Konzertkritik, veröffentlicht in der WAZ

Tollhaus Oper - ganz ohne Figaro

Sinfonie-Orchester Niederberg und Classicats zeigten amüsanten Werk-Mix im Forum

 

Ein "Best of Opera", eine Zusammenstellung der schönsten Opern-Arien - das gibt es in Konzerten immer wieder zu hören. Aber aus den Hits dreier bekannter Opern mit viel Witz ein ganz neues Stück zu weben - diese Idee hat schon was.

Umgesetzt wurde sie mit Charme und musikalisch überzeugend vom Sinfonie-Orchester Niederberg und dem Classicats Musik-Theater - und zwar unter dem bezeichnenden Titel "3 Opern in 2 Stunden" (oder: "Figaro ist verreist"). Die Ouvertüre verriet den Premierengästen im Forum Niederberg unmissverständlich, was sie im weiteren Verlauf des Abends erwarten würde: War sie doch gewissermaßen ein Medley (wunderbar frisch arrangiert von Orchesterleiter Matthias Kaufmann) der bekannten Vorspiele aus W. A. Mozarts "Die Hochzeit des Figaro", Georges Bizets "Carmen" und Albert Lortzings "Wildschütz".

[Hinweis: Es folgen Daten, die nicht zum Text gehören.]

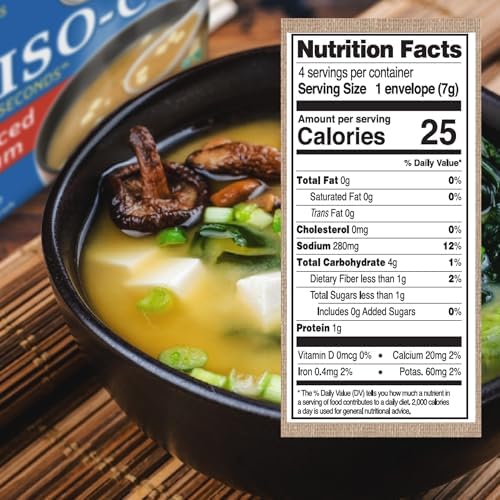 Edward & Sons Reduced Sodium Original Instant Miso-Cup - Instant Miso Soup Packets, Instant Soup Packets, Miso Packets - 1 oz (Pack of 12)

Genau diesen drei beliebten Werken waren nicht nur die Melodien entliehen, sondern auch die Figuren. Da traf die Contessa Almaviva ("Figaro") auf den Schulmeister Baculus ("Wildschütz"), machte Lortzings Gretchen gemeinsame Sache mit Bizets Carmen. Das Ganze gewürzt mit etwas List und ganz viel Liebe - wie es sich für eine Oper so gehört - und fertig war das neue Werk.

Überraschen mag, dass es in dieser Collage aus Musiken und Motiven keinerlei Brüche gab. Das Orchester - gut aufgelegt und den Gesangssolisten ein aufmerksamer Begleiter - hielt die ganze Zeit über die Spannung. Und die Classicats-Sänger - ebenso wie die Instrumentalisten überwiegend Amateure - entwickelten ihr Spiel mit einem Augenzwinkern, das über alle Irrungen und Wirrungen hinweg trug. So ließ Sopranistin Barbara Reh schon mit ihrer ersten Arie "Hör mein Flehen" ihre Contessa recht überkandidelt daherkommen. Und Carmen, die doch eigentlich Unwiderstehliche mit ihrer gefühlvollen Arie "Ja, die Liebe hat bunte Flügel" (Juliane Löffler), jagte den Herren dieser speziellen Oper mit ihrem fordernden Auftreten - meist bei passendem Rotlicht übrigens - richtig Angst ein. Großen Spaß hatte das Publikum vor allem auch an den Auftritten von Reinhard Dix als Schulmeister Baculus: Er überzeugte mit markantem Bass ("5000 Taler") und komischem Talent.

Nina Grontzki

Weitere Aufführungen: 19. November, 20 Uhr, Immanuel-Kant-Gymnasium, Heiligenhaus; 28. November, 18 Uhr, Musikschule Hilden.

22.11.2004 / LOKALAUSGABE / HEILIGENHAUS

 Ein Feuerwerk von Theater und Opernmelodien geboten

 "Sinfonieorchester Niederberg" und "Classicats" in der Aula

Was sie jetzt nicht wissen - da unten sitzt ein Orchester. Ich lasse die jetzt aufstehen, das sehen sie zwar nicht, aber wenn sie ein bisschen Lärm machen, weiß das Orchester auch, dass sie da sind." Mit diesen humorigen Worten begrüßte der ebenfalls nur halb zu sehende Dirigent Matthias Kaufmann in der Aula des Kant-Gymnasiums das Publikum, das sich eingefunden hatte, um der Koproduktion des Sinfonieorchesters Niederberg und des Musiktheaters Classicats zu lauschen und zuzusehen. Und so lustig wie der Beginn wurde der ganze Abend. Denn nachdem die Überraschung über den doch eher ungewohnten Anblick eines Orchestergrabens vor der Bühne abgeklungen war, gab es ein wahres Feuerwerk an Theater und Oper für die leider viel zu wenigen Zuschauer und -hörer. "Figaro ist verreist" - so hieß der Mix aus drei Opern, der mit berühmten Melodien und Gesängen aus "Der Wildschütz", "Carmen" und "Figaros Hochzeit" und einer eigens entworfenen Handlung aufwarten konnte. Die Hauptpersonen aus allen Opern bunt zusammengewürfelt und miteinander verbändelt, Briefe, die den falschen Adressaten zugestellt werden und für viel Verwirrung sorgen sowie eine äußerst kurzweilige Handlung, die mit lustigen Anspielungen nur so gespickt war ("Was hast du denn gelernt, Gretchen?" "A, B, C, D . . ." "Das ist ja nicht viel. Reicht gerade für Günther Jauch"), das alles sorgte für viel Abwechslung.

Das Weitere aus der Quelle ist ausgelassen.